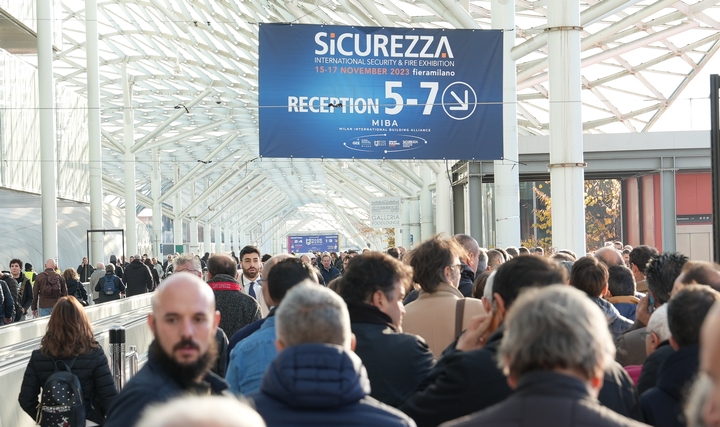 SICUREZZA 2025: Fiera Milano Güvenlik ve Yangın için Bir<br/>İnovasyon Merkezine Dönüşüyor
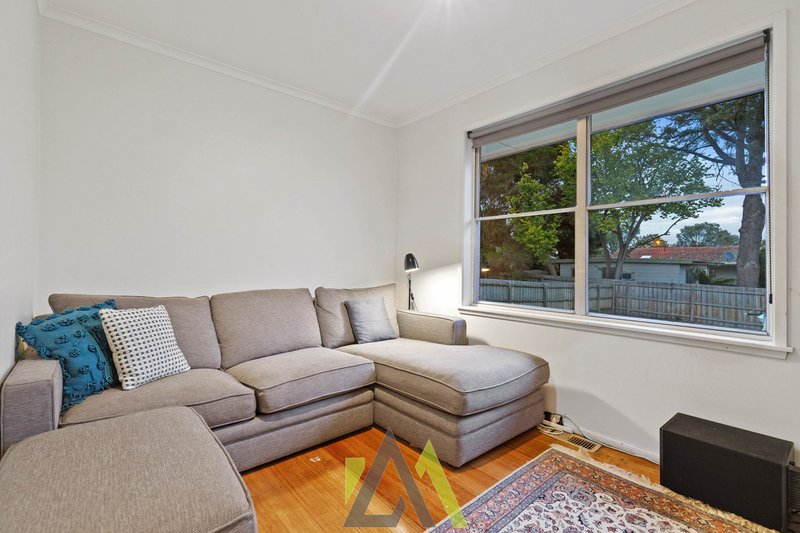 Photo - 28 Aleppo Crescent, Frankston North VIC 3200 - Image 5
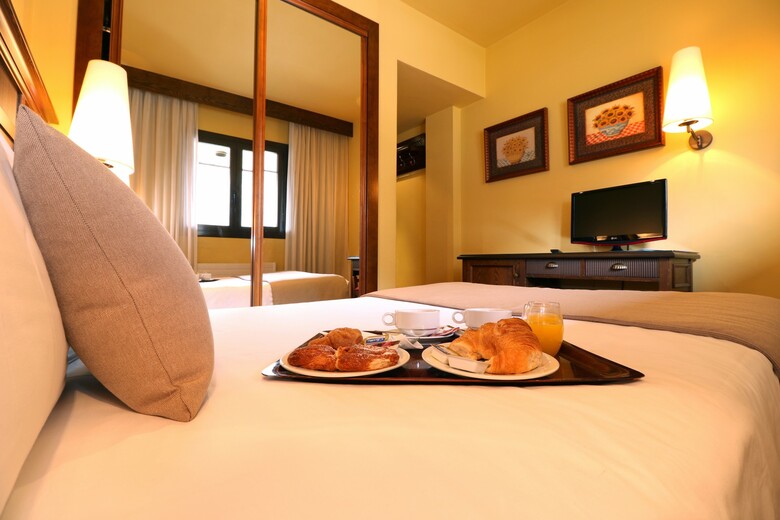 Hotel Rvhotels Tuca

TASK: All lines above are to be restated word for word, with pictures excluded.

YOUR RESPONSE:
 SICUREZZA 2025: Fiera Milano Güvenlik ve Yangın için Bir<br/>İnovasyon Merkezine Dönüşüyor
 Photo - 28 Aleppo Crescent, Frankston North VIC 3200 - Image 5
 Hotel Rvhotels Tuca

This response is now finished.